• **YOUR INSTRUCTIONS**:
Everything in the records except the pictures should come back exactly as written.

• **DATA TO USE**:
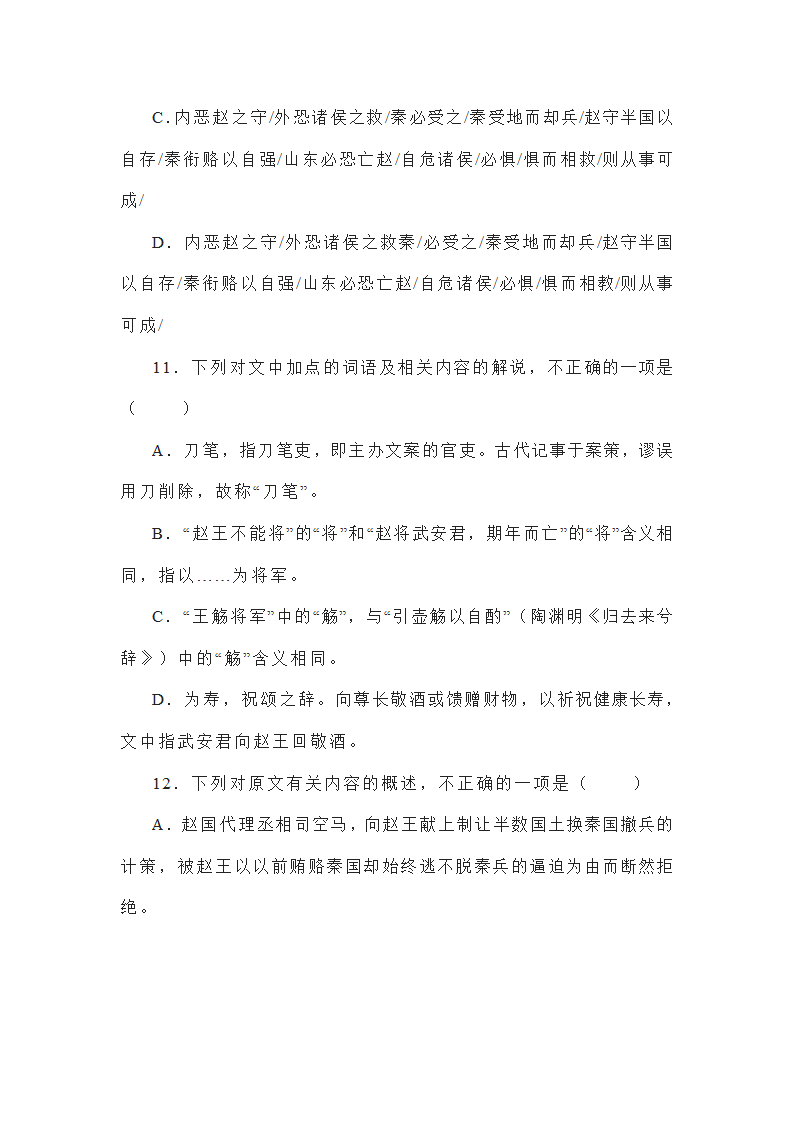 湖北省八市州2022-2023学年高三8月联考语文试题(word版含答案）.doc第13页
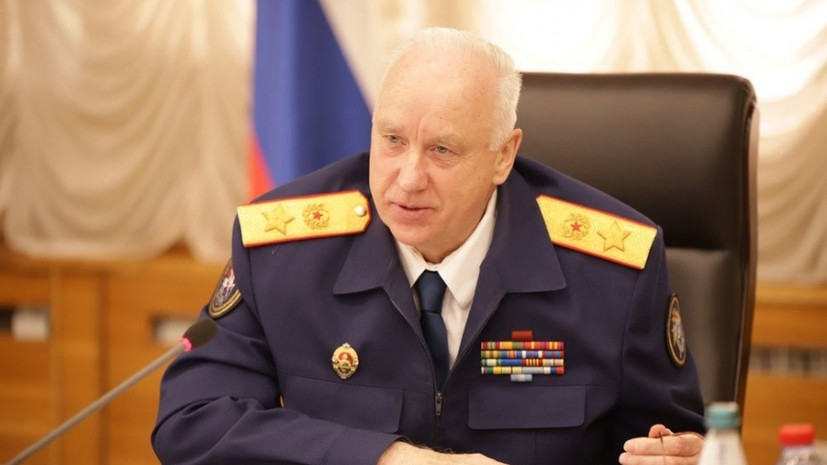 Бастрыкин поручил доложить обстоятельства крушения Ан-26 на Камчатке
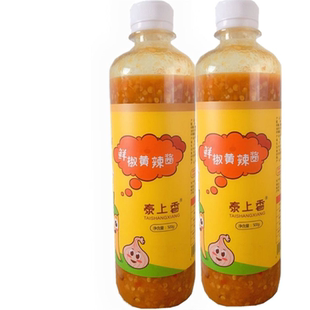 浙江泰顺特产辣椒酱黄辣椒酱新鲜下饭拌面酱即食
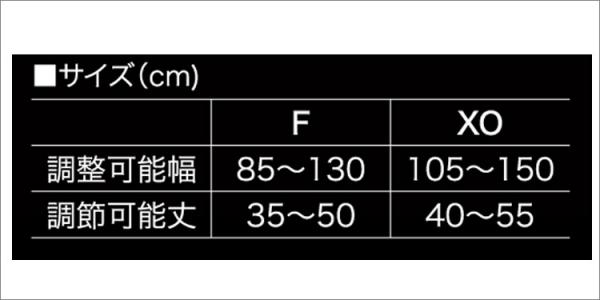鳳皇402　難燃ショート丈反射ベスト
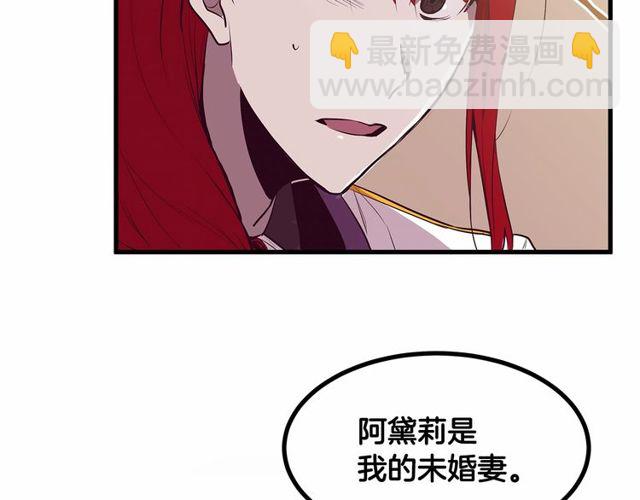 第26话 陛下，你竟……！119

• **REPLY TO THE TASK**:
 湖北省八市州2022-2023学年高三8月联考语文试题(word版含答案）.doc第13页
 Бастрыкин поручил доложить обстоятельства крушения Ан-26 на Камчатке
 浙江泰顺特产辣椒酱黄辣椒酱新鲜下饭拌面酱即食
鳳皇402　難燃ショート丈反射ベスト
 第26话 陛下，你竟……！119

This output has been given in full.